(Beginning of PROVIDED DATA)

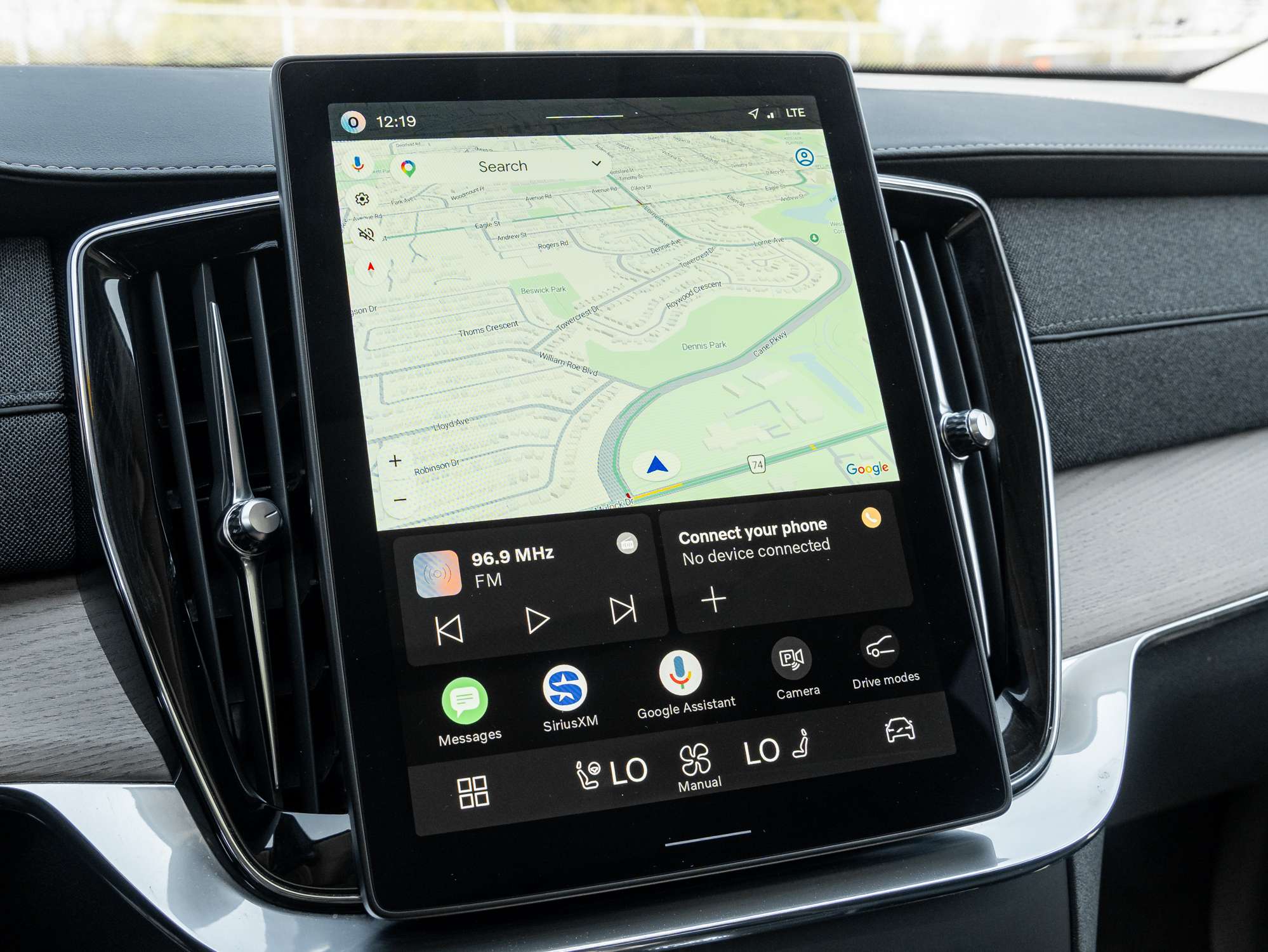 2026 Volvo XC90 B6 AWD PLUS Dark Theme |VOLVO CPO RATE fr 2.99%* thumb 12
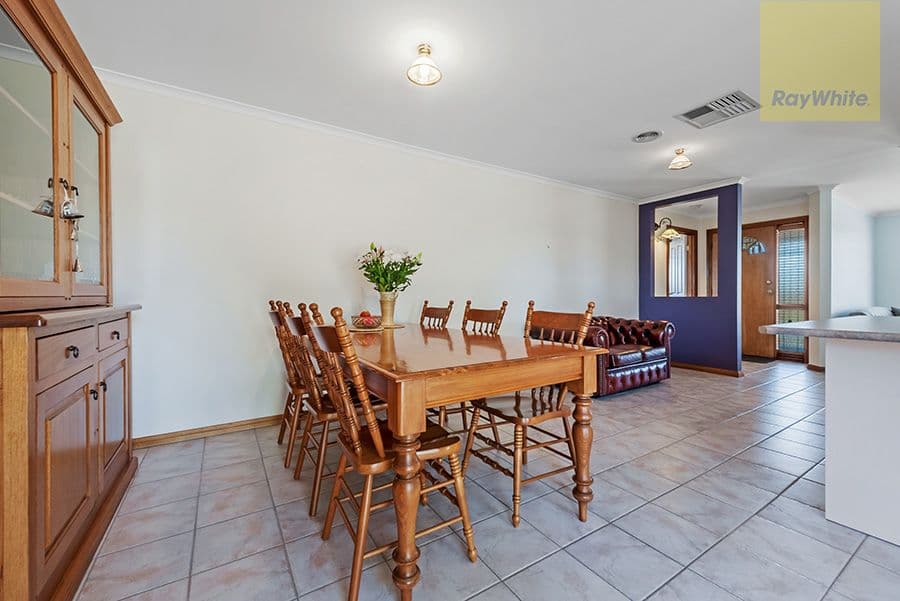 11 Smeaton Court, Craigieburn VIC 3064, Craigieburn - Thumbnail 5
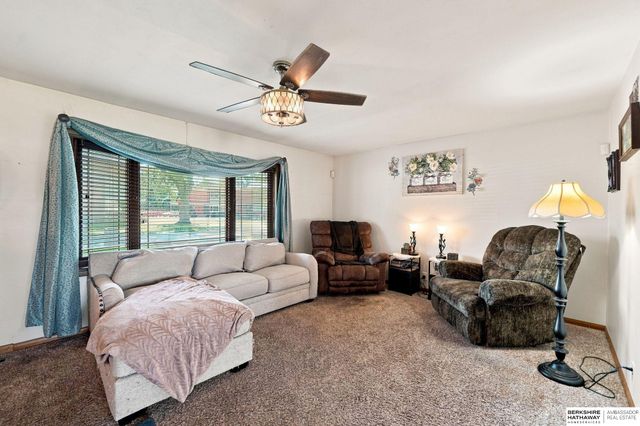 5400 Ervin Street, Lincoln, NE 68504
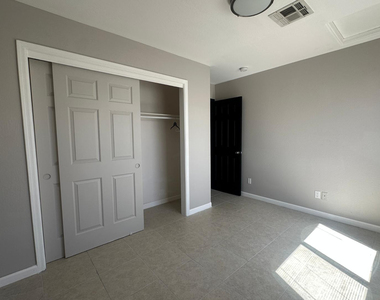 1714 S 5th Street - Photo Thumbnail 8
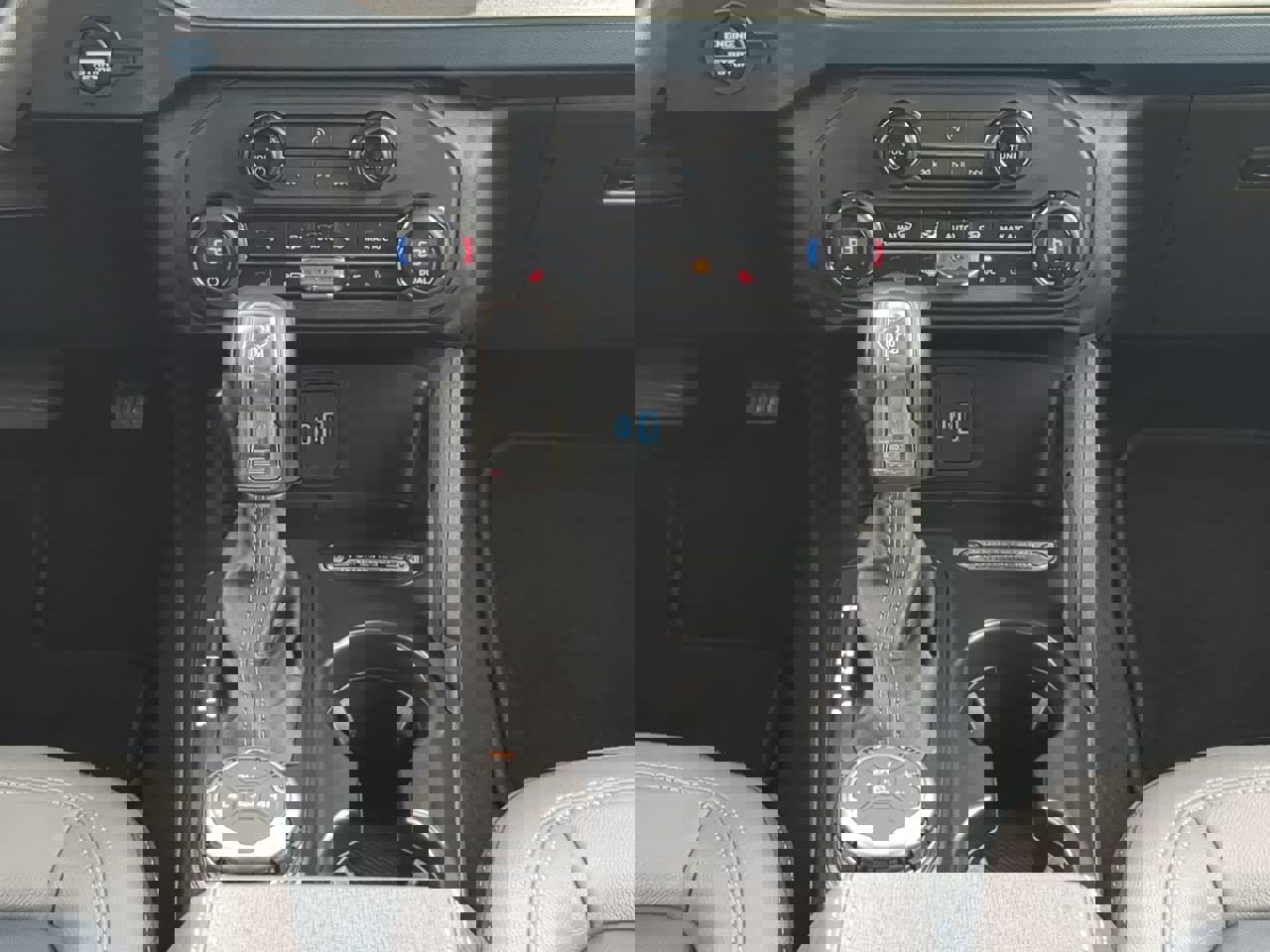 Certified 2024 Ford Bronco Outer Banks image 17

(End of PROVIDED DATA)

Omitting all pictures, retype exactly the lines from the line containing "1714 S 5th Street - Photo Thumbnail 8" down to the last line above, both ends included.

 1714 S 5th Street - Photo Thumbnail 8
 Certified 2024 Ford Bronco Outer Banks image 17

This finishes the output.